Environmental Defenders Office ordered to pay $9m to Santos over Barossa gas challenge
The Environmental Defenders Office has been ordered to pay more than $9m to Santos over its role in the legal challenge against the company’s Barossa gas project. It only has $8.5m in the bank.
Fresh questions have been raised about the research of a University of Western Australia academic whose conduct during a legal challenge against oil and gas giant Santos saw the taxpayer-funded Environmental Defenders Office slapped with a $9m costs bill.
As the Federal Court ordered the EDO to pay the entirety of the legal costs incurred by Santos in its efforts to defend a claim brought against it by the EDO on behalf of a group of Tiwi Islanders, a new academic paper emerged casting doubt on some of the key research carried out by the expert witness at the centre of the saga.
UWA marine geoscientist Michael O’Leary was slammed earlier this year by Federal Court judge Natalie Charlesworth, who described the cultural mapping exercise led by Dr O’Leary for the EDO’s case against Santos as “so lacking in integrity that no weight can be placed on them”.
The Australian revealed this week details of correspondence between Dr O’Leary, the EDO and Indigenous activist Antonia Burke as they developed what they came to know as “the O’Leary Map”, representing what they said was the area occupied by Tiwi beings the Ampiji (mother serpent) and Jirakupai (crocodile man).
The correspondence showed Dr O’Leary deciding to use imagery, including an “amazing image of crocodiles” he had found, instead of lines and circles to indicate spiritual or ancestral places.
Now a new paper published in the academic journal Geomorphology has challenged findings put forward by Dr O’Leary and his colleagues in research that was described by media as the discovery of the “first underwater archaeological sites in Australia”.
The new paper’s lead author, Piers Larcombe, a former teacher of Dr O’Leary who has previously been critical of his former student’s work, found the discovery claims were “mistaken”.
Dr Larcombe’s research argued that the artefacts identified in that research – much of which formed part of the commonwealth-funded “Deep History of Sea Country” project – had probably been moved by tides and other forces. He also said neither the artefacts nor sedimentary environments was dated effectively.
Speaking to The Australian, Dr Larcombe said revelations about Dr O’Leary’s conduct during the preparation of his reports for the EDO were “simply outrageous”.
“Everything you’re meant to do as an expert witness, O’Leary didn’t,” he said. “I wonder whether anybody in the university or his department gave him any mentoring or advice on performing in that role, because I would suspect that if they did, it wasn’t listened to.”

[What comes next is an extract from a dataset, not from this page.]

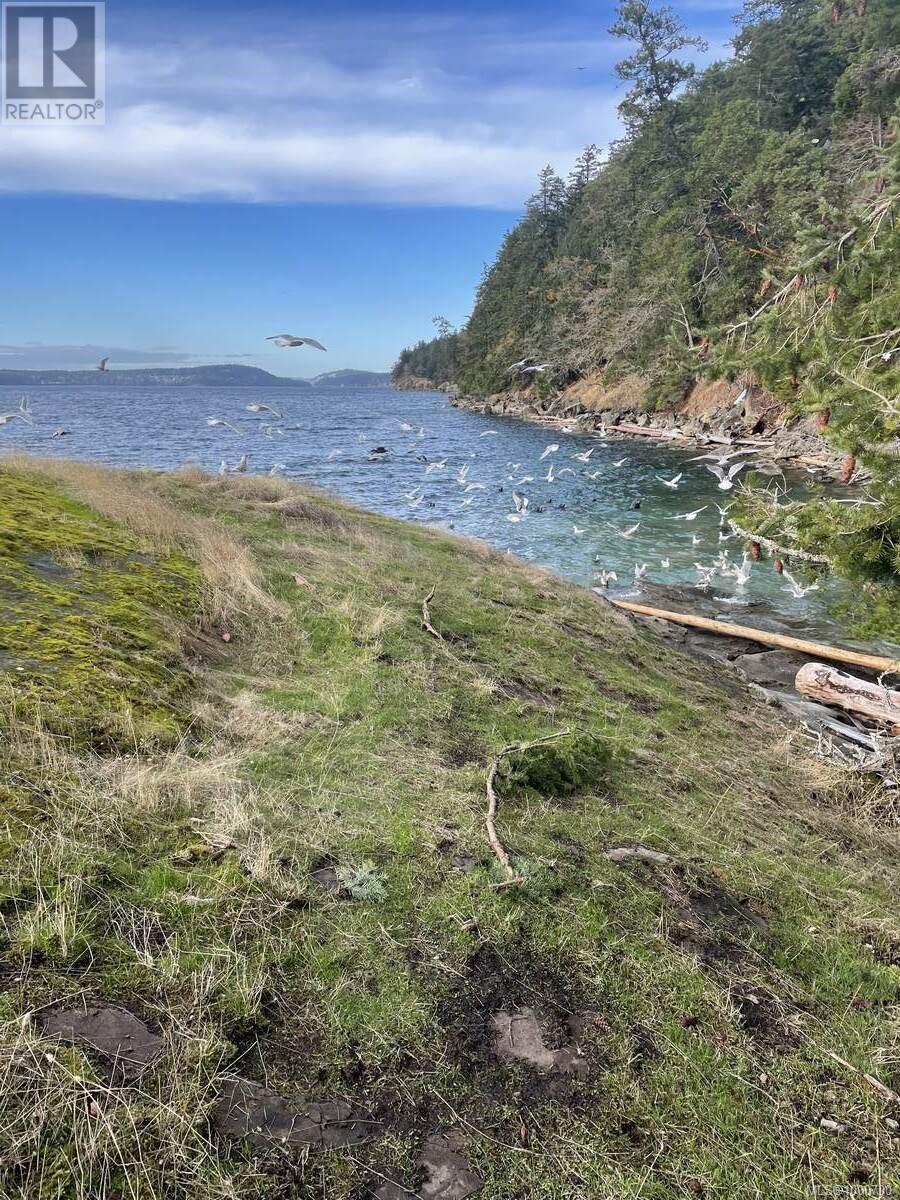 Photo 40 of 631 Flewett Dr, Decourcy Island BC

He said the revelations showed that Dr O’Leary’s methods in preparing the EDO report were “scientifically all over the shop”.
Dr Larcombe has previously claimed that he was “purged” from UWA after he and other academics began questioning the findings put forward by the “Deep History of Sea Country” researchers.

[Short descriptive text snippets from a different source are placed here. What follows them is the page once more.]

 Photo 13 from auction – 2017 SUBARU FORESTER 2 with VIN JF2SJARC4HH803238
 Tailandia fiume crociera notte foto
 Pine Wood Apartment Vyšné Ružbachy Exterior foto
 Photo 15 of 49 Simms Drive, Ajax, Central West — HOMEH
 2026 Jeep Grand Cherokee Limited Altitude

The latest paper builds upon his earlier work, which was similarly critical of work co-authored by Dr O’Leary and which was later retracted.
One of the papers criticised in the retracted paper was subsequently corrected.
Dr Larcombe said UWA had left itself in a difficult position by backing Dr O’Leary so strongly when questions first began to emerge about his research.
“They’ve never reined him in, they’ve never just kept a check on what he’s doing,” he said.
“And he stepped outside his area of expertise.
“The No. 1 one rule is to stay within your area of expertise.”
Under the consent order confirmed by the Federal Court on Thursday, the EDO will have to pay Santos $9,042,093.05 within 28 days.
Santos had previously rejected offers from the EDO to settle the costs dispute, and had pushed successfully for the subpoena of EDO records associated with the case.
Asked why Santos had finally agreed to settle, a spokeswoman for the company said the previous offer was not for the entirety of the legal costs.
“Given the EDO ultimately offered to pay 100 per cent of Santos’ legal costs on an indemnity basis and without any discount, there was no longer a dispute about costs,” she said.
The magnitude of the order could have serious ramifications for the EDO, which according to its most recent annual report had $8.5m in cash and just over $1m in financial assets on its balance sheet, although in a statement EDO chief executive David Morris said the group had agreed to resolve the claim “after careful consultation with our insurer and with deep consideration of the best interests of our clients, staff, and the organisation … EDO has diligently adhered to client instructions. We have treated the court’s findings with utmost seriousness.”